━━━━━ Material for the task

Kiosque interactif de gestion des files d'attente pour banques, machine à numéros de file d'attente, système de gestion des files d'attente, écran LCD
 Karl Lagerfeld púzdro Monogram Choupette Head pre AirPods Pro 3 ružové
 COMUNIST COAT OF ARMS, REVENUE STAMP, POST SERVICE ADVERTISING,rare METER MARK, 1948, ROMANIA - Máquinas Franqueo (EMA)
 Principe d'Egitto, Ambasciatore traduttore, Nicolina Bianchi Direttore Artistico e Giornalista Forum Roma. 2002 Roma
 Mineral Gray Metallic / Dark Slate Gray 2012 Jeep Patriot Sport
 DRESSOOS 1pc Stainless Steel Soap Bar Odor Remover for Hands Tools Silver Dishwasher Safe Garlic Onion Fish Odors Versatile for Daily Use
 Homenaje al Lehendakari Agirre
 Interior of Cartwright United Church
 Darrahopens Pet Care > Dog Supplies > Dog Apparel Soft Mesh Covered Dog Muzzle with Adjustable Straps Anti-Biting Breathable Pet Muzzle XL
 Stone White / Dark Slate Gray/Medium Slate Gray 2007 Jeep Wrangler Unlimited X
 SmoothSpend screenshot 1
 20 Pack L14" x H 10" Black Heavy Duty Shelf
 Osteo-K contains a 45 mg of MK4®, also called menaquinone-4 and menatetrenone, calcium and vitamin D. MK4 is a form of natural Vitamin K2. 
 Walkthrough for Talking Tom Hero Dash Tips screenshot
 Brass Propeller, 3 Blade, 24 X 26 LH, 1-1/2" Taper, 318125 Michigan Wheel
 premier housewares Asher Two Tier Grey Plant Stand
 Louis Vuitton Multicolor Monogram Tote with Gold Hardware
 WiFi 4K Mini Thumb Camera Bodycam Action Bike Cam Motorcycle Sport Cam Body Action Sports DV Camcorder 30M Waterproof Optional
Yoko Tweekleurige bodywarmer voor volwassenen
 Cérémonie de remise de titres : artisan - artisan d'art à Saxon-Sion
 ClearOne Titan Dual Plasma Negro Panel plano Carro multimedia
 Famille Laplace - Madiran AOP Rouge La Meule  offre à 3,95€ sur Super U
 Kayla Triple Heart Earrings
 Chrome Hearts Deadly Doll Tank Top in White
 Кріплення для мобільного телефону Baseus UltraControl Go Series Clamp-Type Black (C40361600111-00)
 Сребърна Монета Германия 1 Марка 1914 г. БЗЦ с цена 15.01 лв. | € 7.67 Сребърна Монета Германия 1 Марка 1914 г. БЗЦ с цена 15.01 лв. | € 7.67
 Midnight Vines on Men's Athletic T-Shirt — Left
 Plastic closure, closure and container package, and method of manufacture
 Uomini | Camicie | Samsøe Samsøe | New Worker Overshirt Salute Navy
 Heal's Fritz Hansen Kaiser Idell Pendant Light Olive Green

━━━━━━━━━━

» **Exercise requirements**:
Extract the lines of the preceding material that run from the line with "Principe d'Egitto, Ambasciatore" through the line with "Mineral Gray Metallic", inclusive, reproducing them exactly and adding nothing.

» **Task answer**:
 Principe d'Egitto, Ambasciatore traduttore, Nicolina Bianchi Direttore Artistico e Giornalista Forum Roma. 2002 Roma
 Mineral Gray Metallic / Dark Slate Gray 2012 Jeep Patriot Sport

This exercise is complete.